▶ EXERCISE DETAILS: Transcribe, word for word, every line from the one containing "daddy baby vest" through the final line of the records, and omit the pictures.

▶ LISTED ENTRIES:
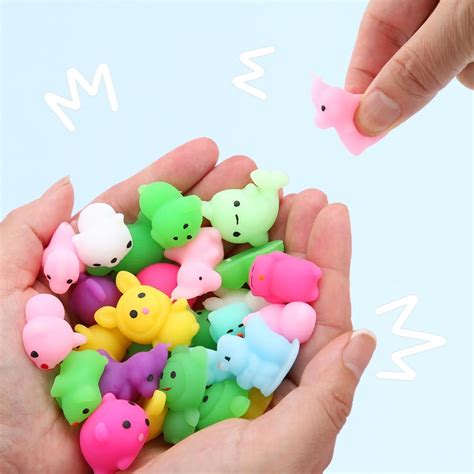 Yttcraft 72 pcs Super Mini Mochi Squishy Toys, Kawaii Cute India | Ubuy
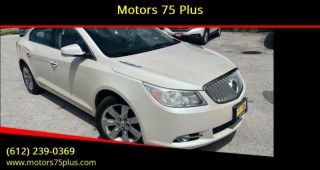 Image for 2012 Buick Lacrosse Premium 2 ID: 7098691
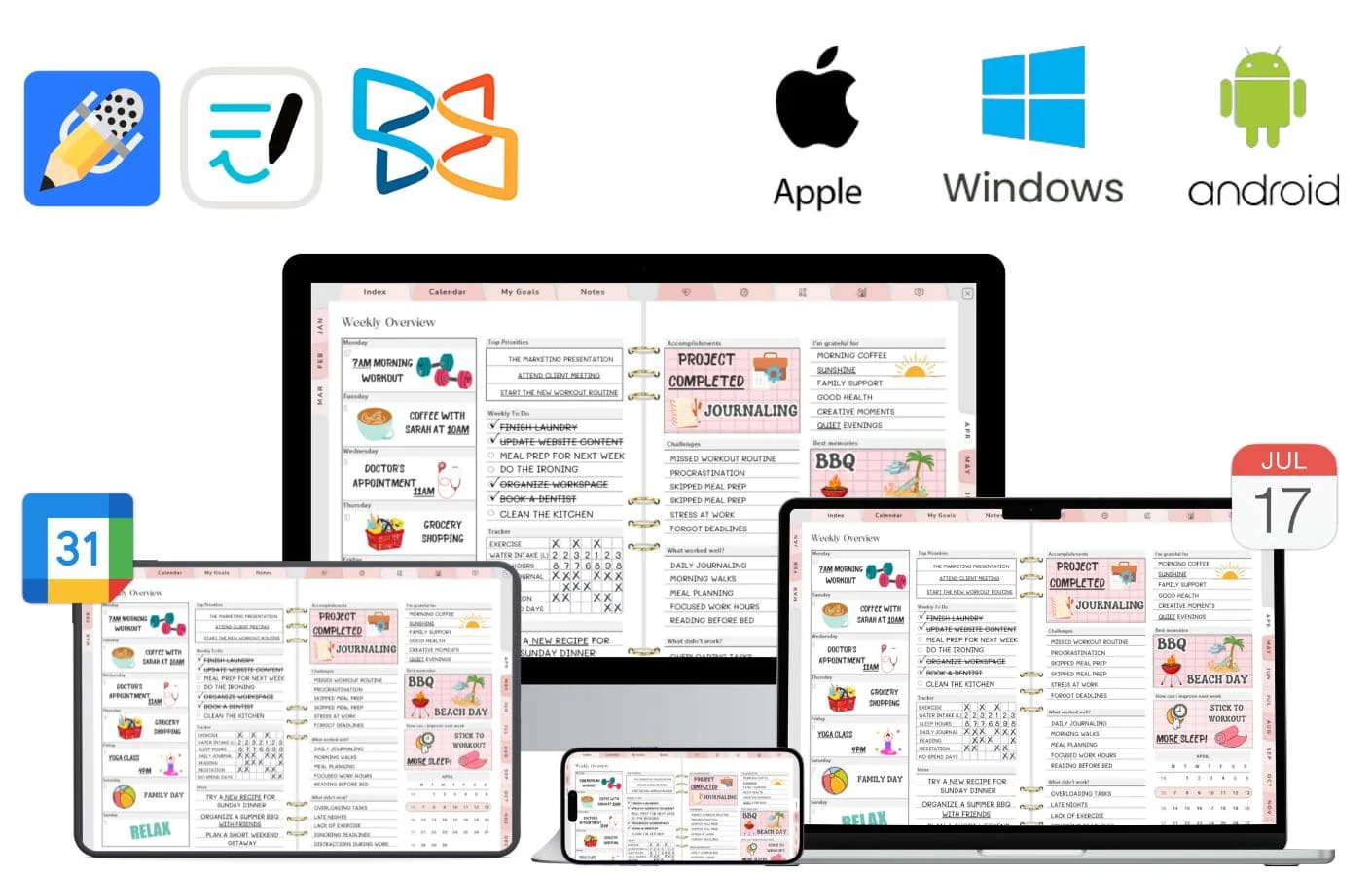 Compatible Devices and Platforms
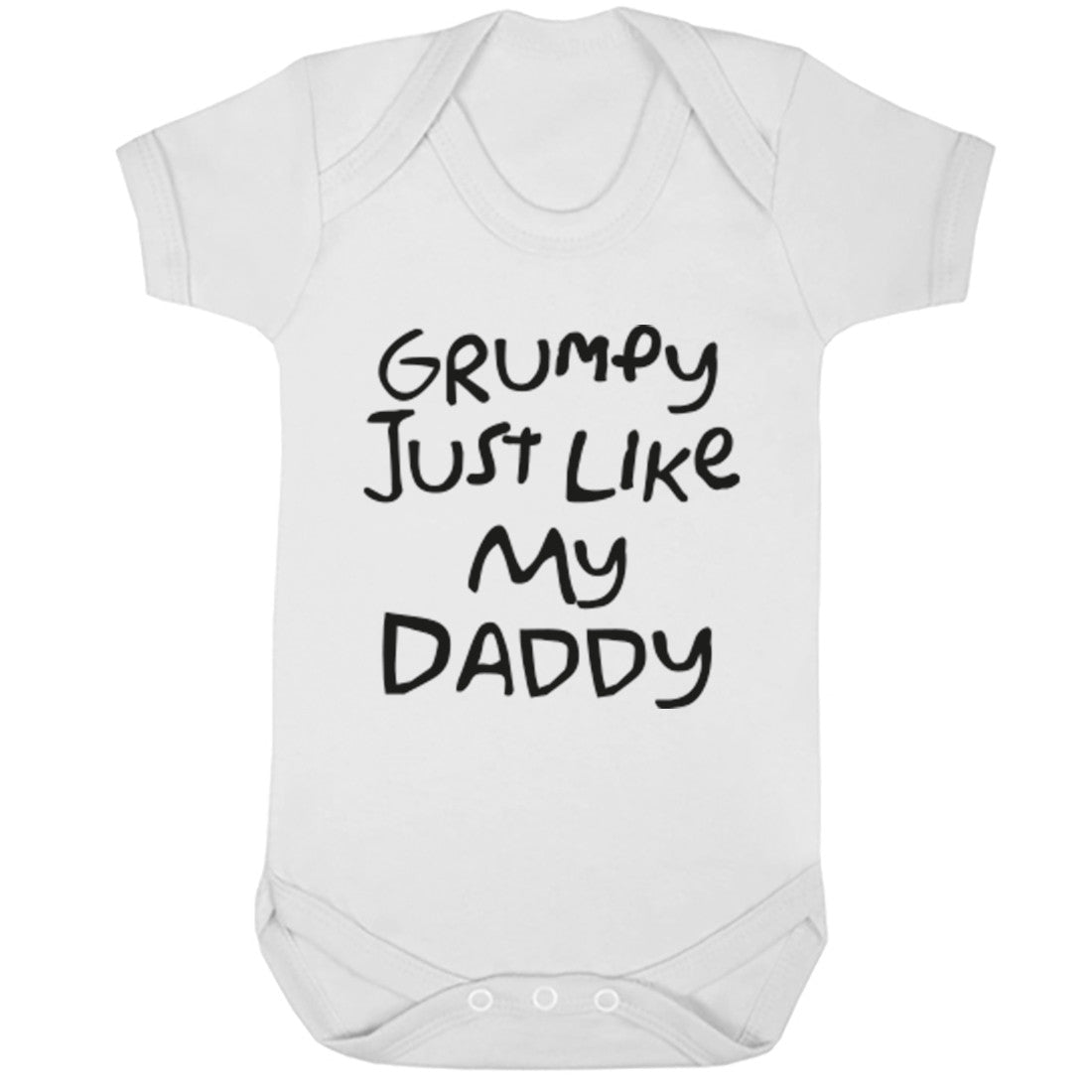 daddy baby vest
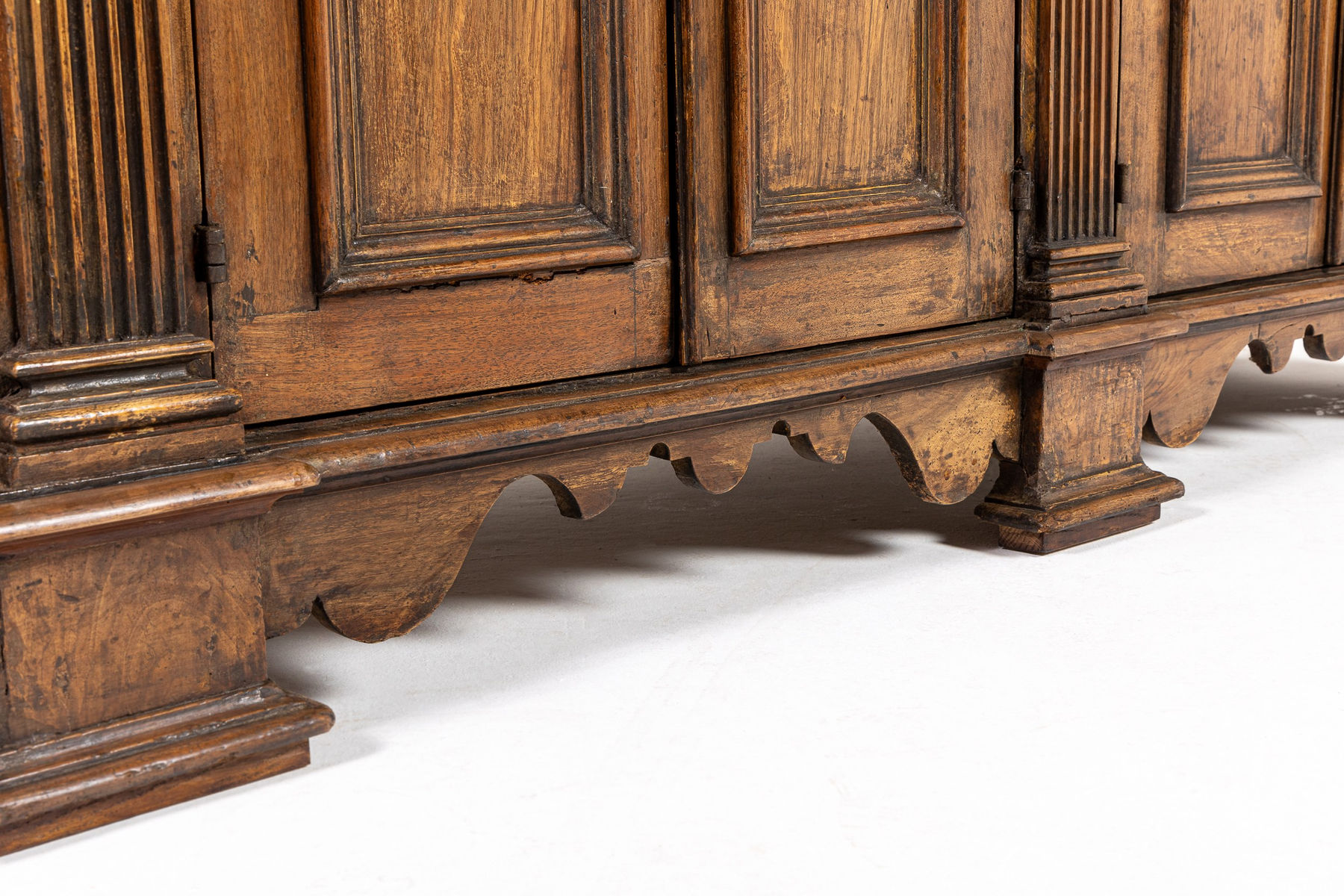 18th Century Italian Walnut Sideboard/Cabinet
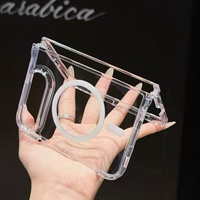 Compatible avec l'étui de protection pour écran pliable 18 Fold, étui pour téléphone à écran pliable 18 Ultra, étui transparent magnétique en acrylique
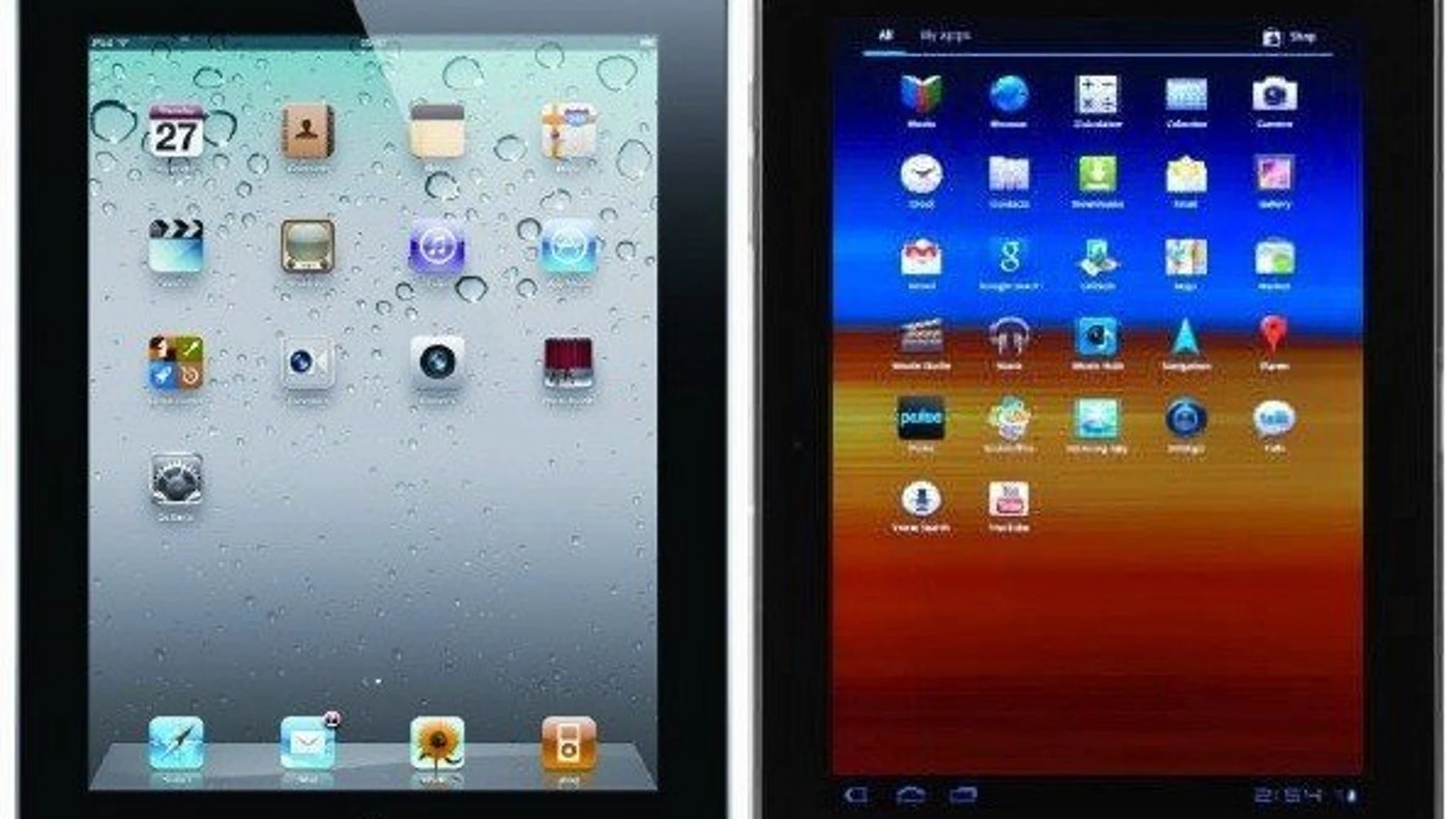 Tabletas de Apple y Samsung Tabletas de Apple y Samsung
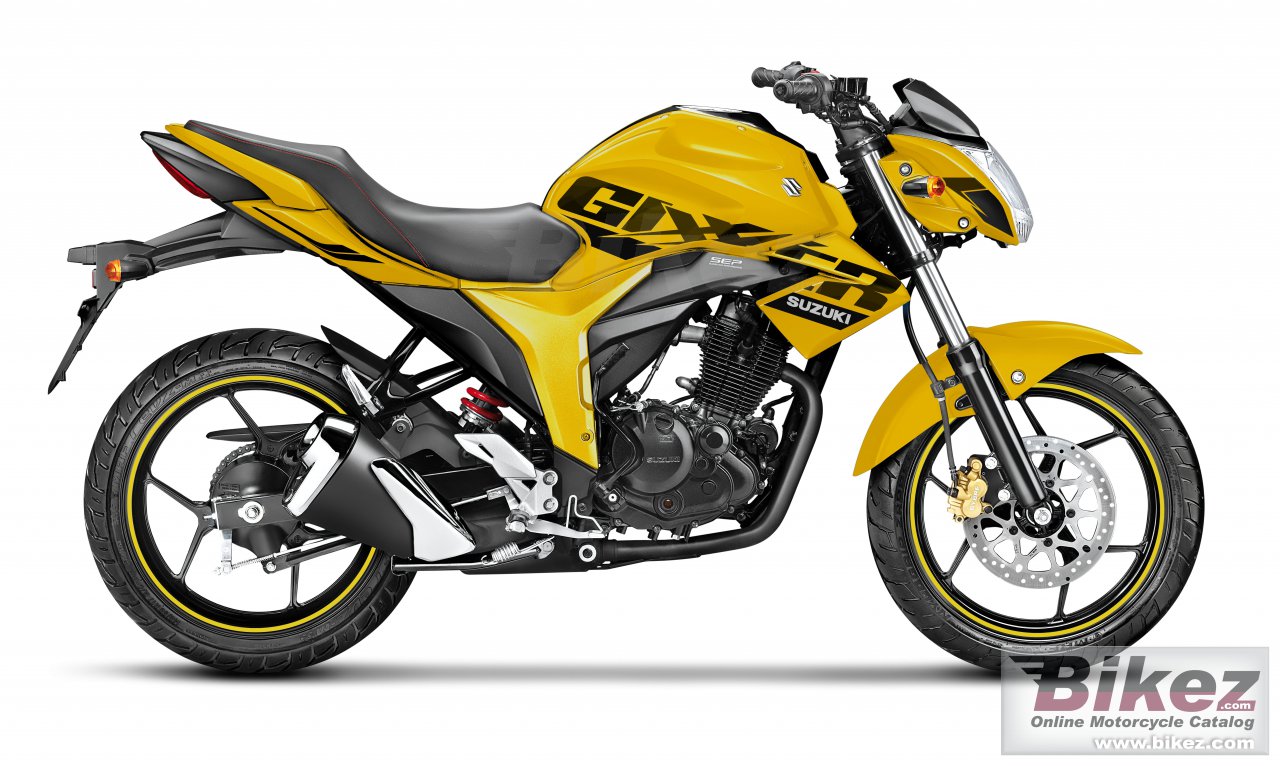 Suzuki Gixxer poster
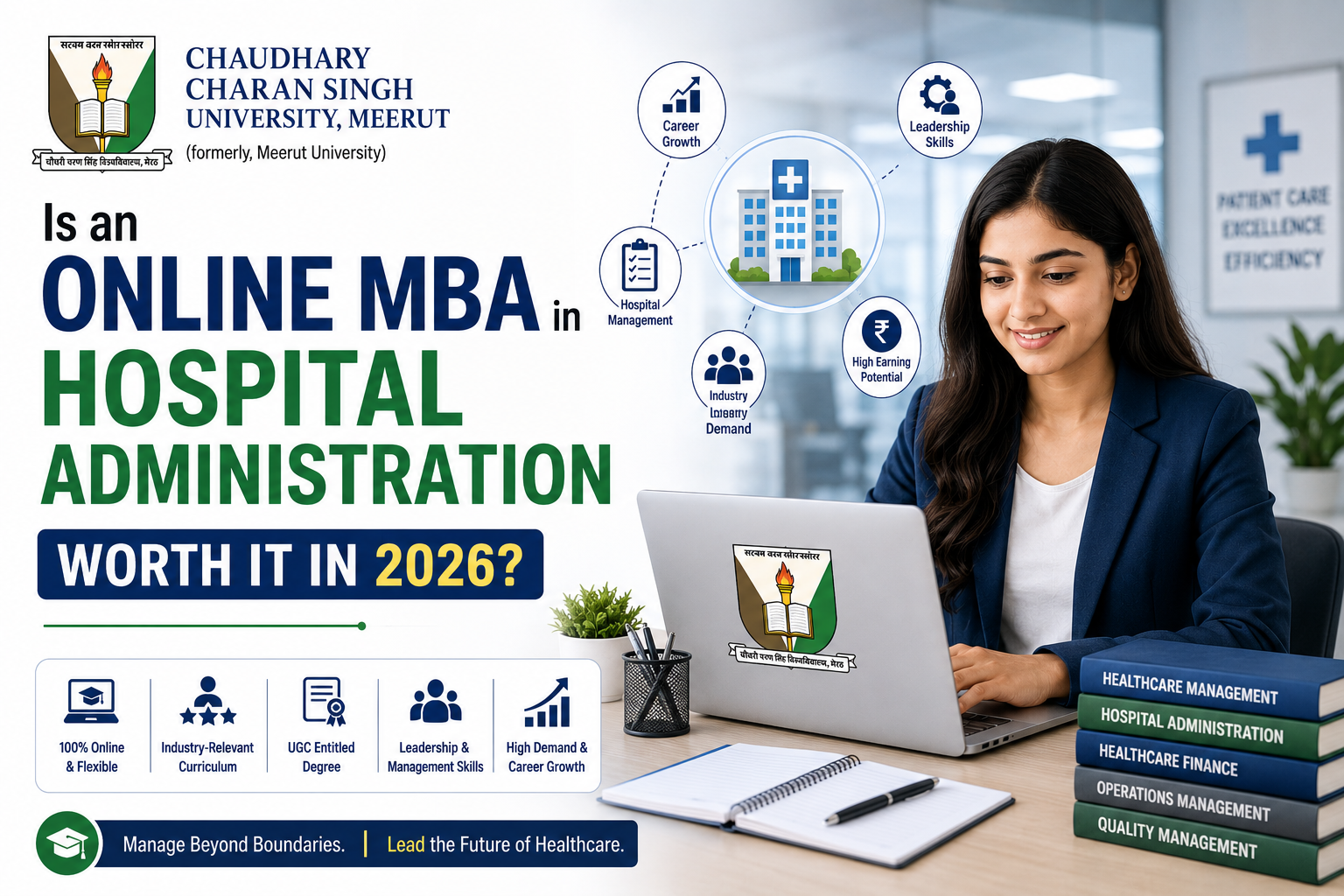 Is an Online MBA in Hospital Administration Worth It in 2026?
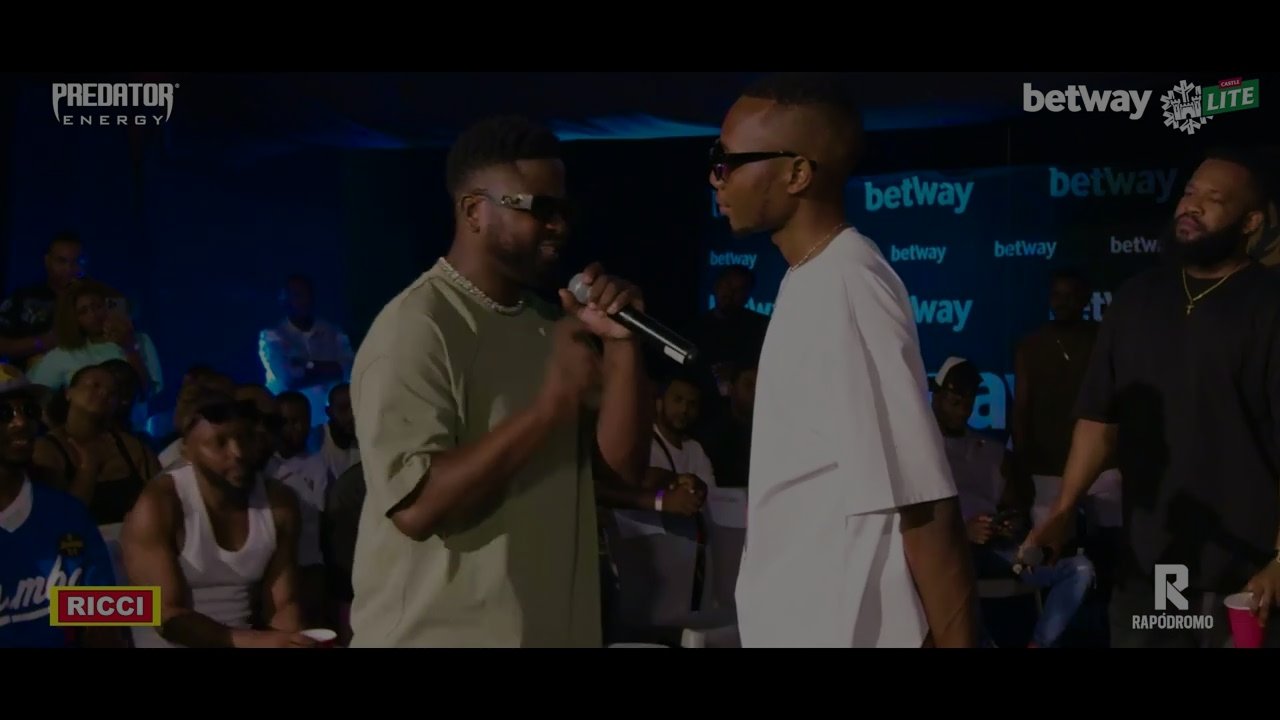 RAPÓDROMO Apresenta: Trovoada VS Enciclopédia (Teaser) "DIA D2"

▶ RESPONSE:
 daddy baby vest
 18th Century Italian Walnut Sideboard/Cabinet
 Compatible avec l'étui de protection pour écran pliable 18 Fold, étui pour téléphone à écran pliable 18 Ultra, étui transparent magnétique en acrylique
 Tabletas de Apple y Samsung Tabletas de Apple y Samsung
 Suzuki Gixxer poster
 Is an Online MBA in Hospital Administration Worth It in 2026?
 RAPÓDROMO Apresenta: Trovoada VS Enciclopédia (Teaser) "DIA D2"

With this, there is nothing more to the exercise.